Scientific classification
- Kingdom: Animalia
- Phylum: Chordata
- Class: Aves
- Order: Passeriformes
- Family: Cisticolidae
- Genus: Cisticola
- Species: C. subruficapilla
- Binomial name: Cisticola subruficapilla (Smith, 1843)
- Synonyms: Cisticola subruficapillus

= Grey-backed cisticola =

- Genus: Cisticola
- Species: subruficapilla
- Authority: (Smith, 1843)
- Conservation status: LC
- Synonyms: Cisticola subruficapillus

Species of bird

The grey-backed cisticola or red-headed cisticola (Cisticola subruficapilla) is a small passerine bird. This cisticola is a resident breeder in southernmost Angola, Namibia and western South Africa.

The grey-backed cisticola is a very common bird of coastal fynbos, karoo shrub and grassy areas on estuarine flats.

==Description==

The grey-backed cisticola is a small, 13–14 cm long, vocal, dull-coloured bird with a dark rufous crown to its reddish head. It has a rufous panel in the folded wing. The grey bill is short and straight, and the feet and legs are pinkish-brown. The eye is light brown.

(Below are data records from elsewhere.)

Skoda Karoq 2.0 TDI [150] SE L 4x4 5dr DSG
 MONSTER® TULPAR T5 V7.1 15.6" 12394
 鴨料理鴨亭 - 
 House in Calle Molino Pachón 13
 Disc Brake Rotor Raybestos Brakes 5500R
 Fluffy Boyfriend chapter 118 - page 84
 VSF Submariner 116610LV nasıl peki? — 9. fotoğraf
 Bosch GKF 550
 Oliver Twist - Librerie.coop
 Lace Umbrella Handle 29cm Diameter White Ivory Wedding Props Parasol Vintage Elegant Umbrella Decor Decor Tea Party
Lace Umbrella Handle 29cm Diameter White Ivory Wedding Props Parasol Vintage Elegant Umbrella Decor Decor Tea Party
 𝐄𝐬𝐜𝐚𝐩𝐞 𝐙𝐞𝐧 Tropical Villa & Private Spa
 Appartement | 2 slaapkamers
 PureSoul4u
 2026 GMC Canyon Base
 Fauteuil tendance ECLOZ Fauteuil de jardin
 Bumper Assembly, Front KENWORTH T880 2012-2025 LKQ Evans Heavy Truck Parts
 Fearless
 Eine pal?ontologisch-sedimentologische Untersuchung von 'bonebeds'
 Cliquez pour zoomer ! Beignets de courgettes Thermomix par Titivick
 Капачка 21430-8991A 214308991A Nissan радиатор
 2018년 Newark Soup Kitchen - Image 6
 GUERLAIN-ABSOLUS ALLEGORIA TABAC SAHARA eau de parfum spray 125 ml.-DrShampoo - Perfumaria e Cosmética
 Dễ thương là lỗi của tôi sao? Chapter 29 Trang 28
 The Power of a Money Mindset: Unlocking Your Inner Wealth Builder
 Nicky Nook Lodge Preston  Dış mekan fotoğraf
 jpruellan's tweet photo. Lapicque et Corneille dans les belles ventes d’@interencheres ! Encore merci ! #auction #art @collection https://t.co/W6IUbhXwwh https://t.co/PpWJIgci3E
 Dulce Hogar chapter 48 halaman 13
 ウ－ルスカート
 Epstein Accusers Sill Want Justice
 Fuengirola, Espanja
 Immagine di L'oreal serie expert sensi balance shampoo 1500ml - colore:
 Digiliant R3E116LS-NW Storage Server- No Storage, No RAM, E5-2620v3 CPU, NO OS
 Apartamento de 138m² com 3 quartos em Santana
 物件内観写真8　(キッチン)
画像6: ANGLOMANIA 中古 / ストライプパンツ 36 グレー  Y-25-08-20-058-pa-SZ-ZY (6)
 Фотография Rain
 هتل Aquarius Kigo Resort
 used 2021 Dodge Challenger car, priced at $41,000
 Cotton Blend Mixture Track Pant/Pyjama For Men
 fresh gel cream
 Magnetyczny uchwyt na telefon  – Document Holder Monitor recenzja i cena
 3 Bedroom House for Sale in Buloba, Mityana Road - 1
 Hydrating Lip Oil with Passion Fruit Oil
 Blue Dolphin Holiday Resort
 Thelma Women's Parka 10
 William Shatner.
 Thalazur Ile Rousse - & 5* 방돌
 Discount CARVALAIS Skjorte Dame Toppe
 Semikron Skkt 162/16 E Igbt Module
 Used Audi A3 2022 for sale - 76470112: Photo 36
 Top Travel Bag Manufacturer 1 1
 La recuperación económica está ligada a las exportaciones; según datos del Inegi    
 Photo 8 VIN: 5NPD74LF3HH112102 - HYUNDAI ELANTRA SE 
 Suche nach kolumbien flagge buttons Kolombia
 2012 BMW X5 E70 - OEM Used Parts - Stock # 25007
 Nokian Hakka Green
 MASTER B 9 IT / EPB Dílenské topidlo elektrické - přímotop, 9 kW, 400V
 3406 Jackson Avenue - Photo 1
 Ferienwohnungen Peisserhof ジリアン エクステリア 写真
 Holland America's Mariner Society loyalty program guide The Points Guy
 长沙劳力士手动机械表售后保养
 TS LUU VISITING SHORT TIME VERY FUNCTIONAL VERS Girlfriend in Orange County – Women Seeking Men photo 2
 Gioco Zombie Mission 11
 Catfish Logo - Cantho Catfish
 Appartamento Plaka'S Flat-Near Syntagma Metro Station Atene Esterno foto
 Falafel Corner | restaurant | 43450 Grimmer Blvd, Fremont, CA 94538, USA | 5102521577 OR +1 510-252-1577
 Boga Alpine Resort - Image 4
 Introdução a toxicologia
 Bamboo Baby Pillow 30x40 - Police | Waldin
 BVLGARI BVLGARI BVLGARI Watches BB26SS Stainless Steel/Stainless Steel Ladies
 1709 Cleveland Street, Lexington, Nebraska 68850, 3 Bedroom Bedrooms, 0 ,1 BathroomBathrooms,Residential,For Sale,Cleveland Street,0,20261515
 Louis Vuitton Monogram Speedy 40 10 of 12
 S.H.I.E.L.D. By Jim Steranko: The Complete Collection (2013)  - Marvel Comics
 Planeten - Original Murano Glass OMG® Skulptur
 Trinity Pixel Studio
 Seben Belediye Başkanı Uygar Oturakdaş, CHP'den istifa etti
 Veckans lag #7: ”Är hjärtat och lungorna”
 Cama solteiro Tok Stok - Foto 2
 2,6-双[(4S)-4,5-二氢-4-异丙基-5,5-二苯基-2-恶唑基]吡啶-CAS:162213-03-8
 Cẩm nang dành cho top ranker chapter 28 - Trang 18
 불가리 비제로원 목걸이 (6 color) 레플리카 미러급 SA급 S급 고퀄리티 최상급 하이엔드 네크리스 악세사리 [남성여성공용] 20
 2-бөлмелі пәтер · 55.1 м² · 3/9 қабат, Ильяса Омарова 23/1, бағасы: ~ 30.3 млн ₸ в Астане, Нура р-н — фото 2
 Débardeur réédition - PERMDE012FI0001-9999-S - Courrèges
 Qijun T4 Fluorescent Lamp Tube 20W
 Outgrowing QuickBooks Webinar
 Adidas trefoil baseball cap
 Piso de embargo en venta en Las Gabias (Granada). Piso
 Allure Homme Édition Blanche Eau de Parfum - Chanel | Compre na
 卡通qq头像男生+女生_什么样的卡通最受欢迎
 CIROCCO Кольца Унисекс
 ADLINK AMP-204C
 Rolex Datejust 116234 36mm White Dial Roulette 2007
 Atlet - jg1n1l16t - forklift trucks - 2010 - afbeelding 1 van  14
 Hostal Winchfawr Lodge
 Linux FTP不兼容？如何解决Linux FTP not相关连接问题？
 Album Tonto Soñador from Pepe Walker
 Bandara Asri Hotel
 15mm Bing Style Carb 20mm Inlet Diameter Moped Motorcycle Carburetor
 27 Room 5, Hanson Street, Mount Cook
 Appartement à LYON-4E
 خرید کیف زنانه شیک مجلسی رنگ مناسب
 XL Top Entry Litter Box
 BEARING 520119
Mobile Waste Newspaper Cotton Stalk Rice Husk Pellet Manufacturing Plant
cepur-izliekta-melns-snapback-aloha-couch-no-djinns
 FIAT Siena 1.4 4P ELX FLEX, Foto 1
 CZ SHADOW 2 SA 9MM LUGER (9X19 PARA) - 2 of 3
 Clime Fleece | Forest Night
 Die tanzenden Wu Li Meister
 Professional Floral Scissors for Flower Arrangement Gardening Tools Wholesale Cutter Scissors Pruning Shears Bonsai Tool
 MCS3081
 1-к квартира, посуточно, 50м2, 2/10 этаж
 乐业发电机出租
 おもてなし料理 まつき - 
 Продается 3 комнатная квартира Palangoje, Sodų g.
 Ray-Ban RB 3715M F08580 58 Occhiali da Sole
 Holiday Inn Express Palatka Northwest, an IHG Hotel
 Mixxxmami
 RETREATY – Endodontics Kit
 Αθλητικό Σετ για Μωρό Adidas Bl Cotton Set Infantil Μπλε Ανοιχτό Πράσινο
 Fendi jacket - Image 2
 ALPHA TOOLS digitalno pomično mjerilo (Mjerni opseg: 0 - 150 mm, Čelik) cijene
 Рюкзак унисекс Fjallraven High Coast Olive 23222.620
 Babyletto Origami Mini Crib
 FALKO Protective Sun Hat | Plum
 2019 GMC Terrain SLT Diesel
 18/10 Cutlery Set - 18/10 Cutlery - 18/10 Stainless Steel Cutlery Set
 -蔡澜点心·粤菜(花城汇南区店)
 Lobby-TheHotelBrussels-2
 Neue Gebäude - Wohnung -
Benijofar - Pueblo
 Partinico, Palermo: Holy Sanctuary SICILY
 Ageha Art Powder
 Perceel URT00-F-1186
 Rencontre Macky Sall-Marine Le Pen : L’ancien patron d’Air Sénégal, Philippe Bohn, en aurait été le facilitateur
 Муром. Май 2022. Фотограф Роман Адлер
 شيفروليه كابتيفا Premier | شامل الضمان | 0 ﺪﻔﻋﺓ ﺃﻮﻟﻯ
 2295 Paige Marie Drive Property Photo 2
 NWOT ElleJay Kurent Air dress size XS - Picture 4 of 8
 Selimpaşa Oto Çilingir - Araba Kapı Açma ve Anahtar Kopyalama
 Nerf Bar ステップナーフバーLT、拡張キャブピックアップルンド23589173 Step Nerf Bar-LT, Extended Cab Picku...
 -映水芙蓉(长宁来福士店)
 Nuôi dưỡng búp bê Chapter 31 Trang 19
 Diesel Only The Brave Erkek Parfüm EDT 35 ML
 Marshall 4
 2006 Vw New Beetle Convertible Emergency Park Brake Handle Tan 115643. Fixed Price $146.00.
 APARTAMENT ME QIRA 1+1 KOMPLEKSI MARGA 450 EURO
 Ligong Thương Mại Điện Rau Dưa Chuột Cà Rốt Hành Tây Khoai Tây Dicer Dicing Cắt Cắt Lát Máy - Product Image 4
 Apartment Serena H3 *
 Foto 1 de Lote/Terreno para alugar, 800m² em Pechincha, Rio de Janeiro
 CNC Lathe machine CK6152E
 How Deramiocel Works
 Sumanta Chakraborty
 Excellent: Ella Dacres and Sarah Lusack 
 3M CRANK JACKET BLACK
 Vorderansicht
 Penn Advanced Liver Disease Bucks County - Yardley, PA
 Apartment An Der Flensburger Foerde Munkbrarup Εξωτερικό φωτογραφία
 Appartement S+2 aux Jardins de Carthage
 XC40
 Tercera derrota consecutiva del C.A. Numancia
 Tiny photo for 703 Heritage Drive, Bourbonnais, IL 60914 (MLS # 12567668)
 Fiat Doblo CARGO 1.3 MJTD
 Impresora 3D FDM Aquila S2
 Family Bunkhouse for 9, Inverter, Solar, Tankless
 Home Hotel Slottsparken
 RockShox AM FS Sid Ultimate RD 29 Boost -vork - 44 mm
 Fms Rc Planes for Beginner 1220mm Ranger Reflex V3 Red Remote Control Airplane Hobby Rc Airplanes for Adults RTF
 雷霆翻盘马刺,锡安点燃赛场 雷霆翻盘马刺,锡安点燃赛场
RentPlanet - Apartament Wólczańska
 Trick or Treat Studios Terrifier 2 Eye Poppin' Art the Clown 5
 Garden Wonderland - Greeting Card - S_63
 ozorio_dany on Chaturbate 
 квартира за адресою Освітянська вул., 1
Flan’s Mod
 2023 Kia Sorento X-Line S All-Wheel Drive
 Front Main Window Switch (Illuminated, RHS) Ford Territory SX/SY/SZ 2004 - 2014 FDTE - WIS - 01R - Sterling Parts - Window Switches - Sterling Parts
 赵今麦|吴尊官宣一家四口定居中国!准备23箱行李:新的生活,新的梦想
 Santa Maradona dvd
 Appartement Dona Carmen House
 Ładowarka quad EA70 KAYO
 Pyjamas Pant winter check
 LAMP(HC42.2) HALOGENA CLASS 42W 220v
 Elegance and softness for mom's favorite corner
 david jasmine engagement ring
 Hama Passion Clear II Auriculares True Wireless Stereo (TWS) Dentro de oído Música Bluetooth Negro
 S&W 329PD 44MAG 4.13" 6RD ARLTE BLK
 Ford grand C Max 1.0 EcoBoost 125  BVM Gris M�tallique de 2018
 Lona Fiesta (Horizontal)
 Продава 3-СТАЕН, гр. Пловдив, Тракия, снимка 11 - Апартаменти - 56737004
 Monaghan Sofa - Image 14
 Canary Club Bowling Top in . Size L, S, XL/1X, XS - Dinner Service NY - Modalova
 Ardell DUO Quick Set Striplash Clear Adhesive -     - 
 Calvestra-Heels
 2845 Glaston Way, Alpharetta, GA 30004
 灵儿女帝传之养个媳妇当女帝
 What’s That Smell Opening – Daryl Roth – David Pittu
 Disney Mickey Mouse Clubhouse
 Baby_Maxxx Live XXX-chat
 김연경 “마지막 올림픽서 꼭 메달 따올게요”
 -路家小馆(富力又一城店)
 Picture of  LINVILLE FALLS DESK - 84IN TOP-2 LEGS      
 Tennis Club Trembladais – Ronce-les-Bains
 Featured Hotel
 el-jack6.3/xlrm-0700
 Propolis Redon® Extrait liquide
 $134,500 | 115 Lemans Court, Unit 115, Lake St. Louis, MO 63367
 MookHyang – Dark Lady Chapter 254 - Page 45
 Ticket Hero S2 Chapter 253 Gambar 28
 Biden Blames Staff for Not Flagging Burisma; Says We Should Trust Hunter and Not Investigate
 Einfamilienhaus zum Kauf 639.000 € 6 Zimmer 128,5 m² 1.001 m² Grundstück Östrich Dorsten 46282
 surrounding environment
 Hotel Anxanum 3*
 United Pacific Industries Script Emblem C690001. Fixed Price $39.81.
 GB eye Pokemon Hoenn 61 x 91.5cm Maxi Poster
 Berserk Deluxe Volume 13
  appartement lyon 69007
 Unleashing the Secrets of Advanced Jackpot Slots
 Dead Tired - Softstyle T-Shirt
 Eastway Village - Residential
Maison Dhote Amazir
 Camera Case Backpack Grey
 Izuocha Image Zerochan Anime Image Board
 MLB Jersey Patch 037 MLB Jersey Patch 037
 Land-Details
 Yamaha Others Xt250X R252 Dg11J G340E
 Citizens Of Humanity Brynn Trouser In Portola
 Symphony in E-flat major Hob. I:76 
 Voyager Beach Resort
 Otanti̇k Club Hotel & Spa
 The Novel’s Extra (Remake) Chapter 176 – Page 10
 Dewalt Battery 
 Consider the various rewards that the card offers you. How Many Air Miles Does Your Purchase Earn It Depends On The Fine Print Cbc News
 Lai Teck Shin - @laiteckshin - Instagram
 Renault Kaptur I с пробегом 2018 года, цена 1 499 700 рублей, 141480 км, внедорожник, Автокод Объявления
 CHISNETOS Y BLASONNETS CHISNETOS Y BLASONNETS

The southern form, "grey-backed cisticola" proper, found in southern Namibia and South Africa has a grey back heavily streaked with black. Its underparts are greyish white. Although cisticolas can be very similar in plumage, this greyish subspecies is quite distinctive. The northern subspecies has a brown back heavily streaked with black and cold buff underparts. It is very similar to the wailing cisticola, Cisticola lais, of eastern South Africa, but that species has warmer buff underparts and does not overlap in range.

The sexes are similar, but juvenile birds are duller with a yellow face.

The call of the grey-backed cisticola is a soft prrrrt followed by a sharp wheee phweee.

==Behaviour==

The grey-backed cisticola builds a ball-shaped nest with a side entrance from dry grass, cobwebs and felted plant down.

It is usually seen in pairs or singly, flitting in a bush or the grass at the base of a tree as it forages for small insects.

==Conservation status==
This common species has a large range, with an estimated extent of 820,000 km². The population size is believed to be large, and the species is not believed to approach the thresholds for the population decline criterion of the IUCN Red List (i.e. declining more than 30% in ten years or three generations). For these reasons, the species is evaluated as least concern.